■ **INPUT DATA**
========================================

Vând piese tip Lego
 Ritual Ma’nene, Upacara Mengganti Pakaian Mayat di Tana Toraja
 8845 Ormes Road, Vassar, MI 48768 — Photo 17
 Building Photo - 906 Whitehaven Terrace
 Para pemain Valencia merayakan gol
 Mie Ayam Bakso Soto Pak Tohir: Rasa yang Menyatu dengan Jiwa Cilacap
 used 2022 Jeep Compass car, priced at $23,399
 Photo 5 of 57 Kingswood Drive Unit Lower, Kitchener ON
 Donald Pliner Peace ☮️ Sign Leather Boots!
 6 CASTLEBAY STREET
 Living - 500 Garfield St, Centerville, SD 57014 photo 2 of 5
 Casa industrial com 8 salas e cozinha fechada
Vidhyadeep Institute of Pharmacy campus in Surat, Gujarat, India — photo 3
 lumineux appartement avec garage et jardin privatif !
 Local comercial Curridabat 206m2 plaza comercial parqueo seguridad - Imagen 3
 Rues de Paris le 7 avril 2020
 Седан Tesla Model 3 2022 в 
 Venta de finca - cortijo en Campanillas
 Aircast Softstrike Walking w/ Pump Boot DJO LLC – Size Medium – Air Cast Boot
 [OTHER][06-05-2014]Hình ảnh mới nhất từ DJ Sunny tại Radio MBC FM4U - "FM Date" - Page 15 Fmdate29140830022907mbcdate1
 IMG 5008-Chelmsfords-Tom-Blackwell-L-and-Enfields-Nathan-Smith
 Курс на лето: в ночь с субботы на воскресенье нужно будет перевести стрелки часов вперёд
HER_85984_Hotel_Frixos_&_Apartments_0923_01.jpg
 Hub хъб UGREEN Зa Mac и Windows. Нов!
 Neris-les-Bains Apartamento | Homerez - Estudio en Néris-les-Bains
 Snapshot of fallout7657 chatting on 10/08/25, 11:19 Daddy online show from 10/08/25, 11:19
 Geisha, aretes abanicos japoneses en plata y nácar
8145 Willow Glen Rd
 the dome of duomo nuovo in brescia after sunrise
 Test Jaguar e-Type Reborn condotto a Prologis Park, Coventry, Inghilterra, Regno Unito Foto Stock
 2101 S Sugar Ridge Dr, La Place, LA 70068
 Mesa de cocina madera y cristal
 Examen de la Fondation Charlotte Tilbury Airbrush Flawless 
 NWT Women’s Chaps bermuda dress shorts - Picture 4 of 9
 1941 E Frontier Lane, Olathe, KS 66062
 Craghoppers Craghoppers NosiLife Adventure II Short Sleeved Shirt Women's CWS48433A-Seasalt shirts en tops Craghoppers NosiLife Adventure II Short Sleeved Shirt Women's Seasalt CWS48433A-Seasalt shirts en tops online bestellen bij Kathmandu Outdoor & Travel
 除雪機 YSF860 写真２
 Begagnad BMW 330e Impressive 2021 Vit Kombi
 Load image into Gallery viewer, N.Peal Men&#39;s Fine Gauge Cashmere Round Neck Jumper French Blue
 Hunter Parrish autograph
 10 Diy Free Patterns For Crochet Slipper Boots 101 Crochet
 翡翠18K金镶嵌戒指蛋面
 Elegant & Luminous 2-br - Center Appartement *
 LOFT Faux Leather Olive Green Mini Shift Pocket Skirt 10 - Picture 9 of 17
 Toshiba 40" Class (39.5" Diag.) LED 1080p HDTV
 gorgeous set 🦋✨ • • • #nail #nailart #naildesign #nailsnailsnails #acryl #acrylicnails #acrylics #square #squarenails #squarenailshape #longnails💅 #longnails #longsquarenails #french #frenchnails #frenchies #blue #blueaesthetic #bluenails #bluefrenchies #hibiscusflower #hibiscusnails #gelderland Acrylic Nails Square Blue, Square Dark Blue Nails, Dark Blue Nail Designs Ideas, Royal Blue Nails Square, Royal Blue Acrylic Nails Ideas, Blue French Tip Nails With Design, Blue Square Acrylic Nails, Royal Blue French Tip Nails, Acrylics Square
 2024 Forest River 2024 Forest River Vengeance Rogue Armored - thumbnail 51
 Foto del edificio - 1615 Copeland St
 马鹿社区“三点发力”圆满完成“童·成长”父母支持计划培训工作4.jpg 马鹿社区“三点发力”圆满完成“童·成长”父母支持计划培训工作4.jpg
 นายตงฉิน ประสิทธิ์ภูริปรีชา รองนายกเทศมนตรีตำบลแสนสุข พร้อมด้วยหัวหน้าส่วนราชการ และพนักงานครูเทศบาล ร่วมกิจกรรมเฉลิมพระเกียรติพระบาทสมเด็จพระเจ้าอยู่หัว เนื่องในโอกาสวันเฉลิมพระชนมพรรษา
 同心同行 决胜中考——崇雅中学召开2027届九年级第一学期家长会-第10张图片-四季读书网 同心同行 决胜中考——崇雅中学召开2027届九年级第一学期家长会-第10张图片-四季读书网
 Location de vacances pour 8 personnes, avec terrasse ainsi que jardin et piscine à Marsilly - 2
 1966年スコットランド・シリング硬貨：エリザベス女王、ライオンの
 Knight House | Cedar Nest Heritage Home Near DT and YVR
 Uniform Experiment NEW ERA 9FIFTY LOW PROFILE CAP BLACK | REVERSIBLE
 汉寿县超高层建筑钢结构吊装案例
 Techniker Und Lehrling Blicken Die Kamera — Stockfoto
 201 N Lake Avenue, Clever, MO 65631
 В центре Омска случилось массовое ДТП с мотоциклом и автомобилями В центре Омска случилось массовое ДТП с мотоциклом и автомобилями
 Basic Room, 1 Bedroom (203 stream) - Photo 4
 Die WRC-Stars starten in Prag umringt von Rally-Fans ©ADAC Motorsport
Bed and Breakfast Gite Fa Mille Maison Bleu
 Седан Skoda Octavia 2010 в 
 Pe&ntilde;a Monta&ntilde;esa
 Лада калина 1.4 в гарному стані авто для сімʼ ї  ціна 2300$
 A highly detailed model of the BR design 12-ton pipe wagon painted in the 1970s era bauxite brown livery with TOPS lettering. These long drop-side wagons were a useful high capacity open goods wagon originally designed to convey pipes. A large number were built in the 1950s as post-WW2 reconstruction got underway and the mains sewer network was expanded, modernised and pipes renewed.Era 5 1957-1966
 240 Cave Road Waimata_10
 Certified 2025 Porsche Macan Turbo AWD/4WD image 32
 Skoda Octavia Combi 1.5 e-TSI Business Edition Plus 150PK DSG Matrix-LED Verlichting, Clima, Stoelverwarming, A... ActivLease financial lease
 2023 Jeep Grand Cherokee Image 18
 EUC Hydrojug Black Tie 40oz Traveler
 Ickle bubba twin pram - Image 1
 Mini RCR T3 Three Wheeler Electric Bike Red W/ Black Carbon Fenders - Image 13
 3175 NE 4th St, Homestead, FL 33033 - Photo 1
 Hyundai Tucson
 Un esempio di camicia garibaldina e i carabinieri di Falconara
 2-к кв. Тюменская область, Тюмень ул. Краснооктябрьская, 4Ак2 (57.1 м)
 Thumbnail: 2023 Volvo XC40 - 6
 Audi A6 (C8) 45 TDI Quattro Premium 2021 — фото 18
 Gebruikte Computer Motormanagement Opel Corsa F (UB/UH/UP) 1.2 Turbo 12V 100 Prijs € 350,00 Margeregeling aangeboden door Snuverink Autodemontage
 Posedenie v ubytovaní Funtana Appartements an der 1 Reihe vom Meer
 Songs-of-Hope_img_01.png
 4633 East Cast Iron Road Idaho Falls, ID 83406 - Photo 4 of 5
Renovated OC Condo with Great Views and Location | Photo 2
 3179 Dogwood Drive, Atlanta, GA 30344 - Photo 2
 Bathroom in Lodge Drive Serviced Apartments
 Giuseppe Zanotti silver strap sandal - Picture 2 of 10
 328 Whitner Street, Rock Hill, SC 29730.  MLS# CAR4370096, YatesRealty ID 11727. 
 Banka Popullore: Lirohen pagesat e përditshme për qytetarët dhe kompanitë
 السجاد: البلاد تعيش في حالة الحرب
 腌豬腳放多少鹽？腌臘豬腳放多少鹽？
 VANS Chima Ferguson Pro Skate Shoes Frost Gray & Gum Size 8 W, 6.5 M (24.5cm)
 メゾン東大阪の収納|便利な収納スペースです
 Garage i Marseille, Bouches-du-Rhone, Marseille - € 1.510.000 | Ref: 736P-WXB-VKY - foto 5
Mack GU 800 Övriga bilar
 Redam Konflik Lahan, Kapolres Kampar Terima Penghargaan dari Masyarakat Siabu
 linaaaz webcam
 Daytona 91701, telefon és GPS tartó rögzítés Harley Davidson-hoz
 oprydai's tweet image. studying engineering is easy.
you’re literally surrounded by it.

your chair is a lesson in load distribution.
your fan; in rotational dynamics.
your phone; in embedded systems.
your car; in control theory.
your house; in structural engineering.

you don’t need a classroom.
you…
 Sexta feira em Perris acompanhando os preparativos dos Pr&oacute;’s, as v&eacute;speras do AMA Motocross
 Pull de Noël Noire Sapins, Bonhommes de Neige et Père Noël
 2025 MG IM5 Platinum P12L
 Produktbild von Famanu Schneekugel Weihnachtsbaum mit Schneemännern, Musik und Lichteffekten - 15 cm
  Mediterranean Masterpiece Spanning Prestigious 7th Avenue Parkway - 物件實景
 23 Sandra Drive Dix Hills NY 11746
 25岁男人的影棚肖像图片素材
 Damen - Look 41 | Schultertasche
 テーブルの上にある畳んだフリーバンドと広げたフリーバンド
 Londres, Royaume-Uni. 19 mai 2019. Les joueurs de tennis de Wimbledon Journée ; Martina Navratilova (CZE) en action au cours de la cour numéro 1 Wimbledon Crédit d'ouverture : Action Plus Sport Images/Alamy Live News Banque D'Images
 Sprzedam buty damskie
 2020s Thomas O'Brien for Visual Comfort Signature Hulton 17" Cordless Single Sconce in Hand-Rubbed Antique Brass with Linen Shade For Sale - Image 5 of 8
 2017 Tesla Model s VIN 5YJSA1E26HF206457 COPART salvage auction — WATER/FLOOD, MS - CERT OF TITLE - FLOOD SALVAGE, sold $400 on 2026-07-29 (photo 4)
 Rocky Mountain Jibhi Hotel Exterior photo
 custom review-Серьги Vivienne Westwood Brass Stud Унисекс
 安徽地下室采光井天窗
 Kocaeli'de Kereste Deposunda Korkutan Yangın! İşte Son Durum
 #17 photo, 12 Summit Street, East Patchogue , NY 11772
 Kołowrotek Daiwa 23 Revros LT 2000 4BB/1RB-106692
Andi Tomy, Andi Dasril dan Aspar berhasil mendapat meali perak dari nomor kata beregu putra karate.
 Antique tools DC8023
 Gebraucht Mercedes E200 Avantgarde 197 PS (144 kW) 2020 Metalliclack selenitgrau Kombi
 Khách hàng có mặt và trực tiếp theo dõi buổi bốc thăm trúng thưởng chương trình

========================================

■ **WORK REQUIRED**
From the first line of the data above through the line containing "Casa industrial com", set each line down again exactly; include both ends and omit everything else.

■ **RESULT**
Vând piese tip Lego
 Ritual Ma’nene, Upacara Mengganti Pakaian Mayat di Tana Toraja
 8845 Ormes Road, Vassar, MI 48768 — Photo 17
 Building Photo - 906 Whitehaven Terrace
 Para pemain Valencia merayakan gol
 Mie Ayam Bakso Soto Pak Tohir: Rasa yang Menyatu dengan Jiwa Cilacap
 used 2022 Jeep Compass car, priced at $23,399
 Photo 5 of 57 Kingswood Drive Unit Lower, Kitchener ON
 Donald Pliner Peace ☮️ Sign Leather Boots!
 6 CASTLEBAY STREET
 Living - 500 Garfield St, Centerville, SD 57014 photo 2 of 5
 Casa industrial com 8 salas e cozinha fechada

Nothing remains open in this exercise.